DESCRIPTION OF THE TASK:
Below are records to be repeated in full. Give them exactly.

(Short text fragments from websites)
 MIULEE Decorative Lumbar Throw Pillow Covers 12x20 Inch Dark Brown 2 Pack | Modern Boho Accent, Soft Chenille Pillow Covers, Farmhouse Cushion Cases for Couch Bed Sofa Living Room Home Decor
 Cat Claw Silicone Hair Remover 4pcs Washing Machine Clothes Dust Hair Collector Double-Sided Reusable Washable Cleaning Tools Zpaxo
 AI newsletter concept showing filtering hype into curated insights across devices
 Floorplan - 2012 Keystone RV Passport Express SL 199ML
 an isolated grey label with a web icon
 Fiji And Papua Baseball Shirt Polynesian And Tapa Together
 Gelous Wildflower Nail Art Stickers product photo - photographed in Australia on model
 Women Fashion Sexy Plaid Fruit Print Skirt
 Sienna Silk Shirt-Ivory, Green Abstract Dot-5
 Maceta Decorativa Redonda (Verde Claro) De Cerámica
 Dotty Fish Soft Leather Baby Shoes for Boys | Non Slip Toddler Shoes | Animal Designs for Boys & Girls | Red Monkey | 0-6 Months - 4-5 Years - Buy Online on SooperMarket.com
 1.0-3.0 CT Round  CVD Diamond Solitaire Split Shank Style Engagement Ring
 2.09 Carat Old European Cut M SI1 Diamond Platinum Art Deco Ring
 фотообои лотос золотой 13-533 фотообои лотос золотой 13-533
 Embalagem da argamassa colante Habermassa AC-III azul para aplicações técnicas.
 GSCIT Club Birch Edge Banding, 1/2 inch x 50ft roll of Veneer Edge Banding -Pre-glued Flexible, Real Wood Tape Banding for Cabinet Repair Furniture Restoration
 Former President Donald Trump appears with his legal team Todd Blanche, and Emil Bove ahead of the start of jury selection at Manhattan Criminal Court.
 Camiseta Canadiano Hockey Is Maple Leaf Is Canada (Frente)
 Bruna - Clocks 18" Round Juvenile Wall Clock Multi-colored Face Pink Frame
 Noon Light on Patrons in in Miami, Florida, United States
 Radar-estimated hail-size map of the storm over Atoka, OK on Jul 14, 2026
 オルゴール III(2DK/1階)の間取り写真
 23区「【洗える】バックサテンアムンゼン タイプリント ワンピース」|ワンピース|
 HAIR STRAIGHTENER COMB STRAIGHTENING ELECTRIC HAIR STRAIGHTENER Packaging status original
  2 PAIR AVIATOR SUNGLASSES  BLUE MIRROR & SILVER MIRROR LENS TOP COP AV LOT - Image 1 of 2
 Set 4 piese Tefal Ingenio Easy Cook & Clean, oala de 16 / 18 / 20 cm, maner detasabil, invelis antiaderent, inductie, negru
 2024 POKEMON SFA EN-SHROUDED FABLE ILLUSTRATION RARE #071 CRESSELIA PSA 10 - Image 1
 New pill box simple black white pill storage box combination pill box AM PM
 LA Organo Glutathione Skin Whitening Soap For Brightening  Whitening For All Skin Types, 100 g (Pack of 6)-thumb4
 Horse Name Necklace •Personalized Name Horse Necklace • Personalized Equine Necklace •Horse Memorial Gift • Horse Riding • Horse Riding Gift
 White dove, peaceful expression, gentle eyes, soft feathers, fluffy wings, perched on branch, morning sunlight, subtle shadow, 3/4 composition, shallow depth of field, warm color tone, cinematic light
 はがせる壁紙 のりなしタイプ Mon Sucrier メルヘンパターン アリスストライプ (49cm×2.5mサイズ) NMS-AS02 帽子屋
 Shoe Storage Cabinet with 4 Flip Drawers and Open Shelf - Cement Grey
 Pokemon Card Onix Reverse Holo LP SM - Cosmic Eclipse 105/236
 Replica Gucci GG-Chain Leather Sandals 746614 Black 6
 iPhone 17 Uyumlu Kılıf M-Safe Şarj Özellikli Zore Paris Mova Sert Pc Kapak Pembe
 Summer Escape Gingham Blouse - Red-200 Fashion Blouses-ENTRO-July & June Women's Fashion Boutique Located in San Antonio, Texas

RESULT FOR THIS EXERCISE:
 MIULEE Decorative Lumbar Throw Pillow Covers 12x20 Inch Dark Brown 2 Pack | Modern Boho Accent, Soft Chenille Pillow Covers, Farmhouse Cushion Cases for Couch Bed Sofa Living Room Home Decor
 Cat Claw Silicone Hair Remover 4pcs Washing Machine Clothes Dust Hair Collector Double-Sided Reusable Washable Cleaning Tools Zpaxo
 AI newsletter concept showing filtering hype into curated insights across devices
 Floorplan - 2012 Keystone RV Passport Express SL 199ML
 an isolated grey label with a web icon
 Fiji And Papua Baseball Shirt Polynesian And Tapa Together
 Gelous Wildflower Nail Art Stickers product photo - photographed in Australia on model
 Women Fashion Sexy Plaid Fruit Print Skirt
 Sienna Silk Shirt-Ivory, Green Abstract Dot-5
 Maceta Decorativa Redonda (Verde Claro) De Cerámica
 Dotty Fish Soft Leather Baby Shoes for Boys | Non Slip Toddler Shoes | Animal Designs for Boys & Girls | Red Monkey | 0-6 Months - 4-5 Years - Buy Online on SooperMarket.com
 1.0-3.0 CT Round  CVD Diamond Solitaire Split Shank Style Engagement Ring
 2.09 Carat Old European Cut M SI1 Diamond Platinum Art Deco Ring
 фотообои лотос золотой 13-533 фотообои лотос золотой 13-533
 Embalagem da argamassa colante Habermassa AC-III azul para aplicações técnicas.
 GSCIT Club Birch Edge Banding, 1/2 inch x 50ft roll of Veneer Edge Banding -Pre-glued Flexible, Real Wood Tape Banding for Cabinet Repair Furniture Restoration
 Former President Donald Trump appears with his legal team Todd Blanche, and Emil Bove ahead of the start of jury selection at Manhattan Criminal Court.
 Camiseta Canadiano Hockey Is Maple Leaf Is Canada (Frente)
 Bruna - Clocks 18" Round Juvenile Wall Clock Multi-colored Face Pink Frame
 Noon Light on Patrons in in Miami, Florida, United States
 Radar-estimated hail-size map of the storm over Atoka, OK on Jul 14, 2026
 オルゴール III(2DK/1階)の間取り写真
 23区「【洗える】バックサテンアムンゼン タイプリント ワンピース」|ワンピース|
 HAIR STRAIGHTENER COMB STRAIGHTENING ELECTRIC HAIR STRAIGHTENER Packaging status original
  2 PAIR AVIATOR SUNGLASSES  BLUE MIRROR & SILVER MIRROR LENS TOP COP AV LOT - Image 1 of 2
 Set 4 piese Tefal Ingenio Easy Cook & Clean, oala de 16 / 18 / 20 cm, maner detasabil, invelis antiaderent, inductie, negru
 2024 POKEMON SFA EN-SHROUDED FABLE ILLUSTRATION RARE #071 CRESSELIA PSA 10 - Image 1
 New pill box simple black white pill storage box combination pill box AM PM
 LA Organo Glutathione Skin Whitening Soap For Brightening  Whitening For All Skin Types, 100 g (Pack of 6)-thumb4
 Horse Name Necklace •Personalized Name Horse Necklace • Personalized Equine Necklace •Horse Memorial Gift • Horse Riding • Horse Riding Gift
 White dove, peaceful expression, gentle eyes, soft feathers, fluffy wings, perched on branch, morning sunlight, subtle shadow, 3/4 composition, shallow depth of field, warm color tone, cinematic light
 はがせる壁紙 のりなしタイプ Mon Sucrier メルヘンパターン アリスストライプ (49cm×2.5mサイズ) NMS-AS02 帽子屋
 Shoe Storage Cabinet with 4 Flip Drawers and Open Shelf - Cement Grey
 Pokemon Card Onix Reverse Holo LP SM - Cosmic Eclipse 105/236
 Replica Gucci GG-Chain Leather Sandals 746614 Black 6
 iPhone 17 Uyumlu Kılıf M-Safe Şarj Özellikli Zore Paris Mova Sert Pc Kapak Pembe
 Summer Escape Gingham Blouse - Red-200 Fashion Blouses-ENTRO-July & June Women's Fashion Boutique Located in San Antonio, Texas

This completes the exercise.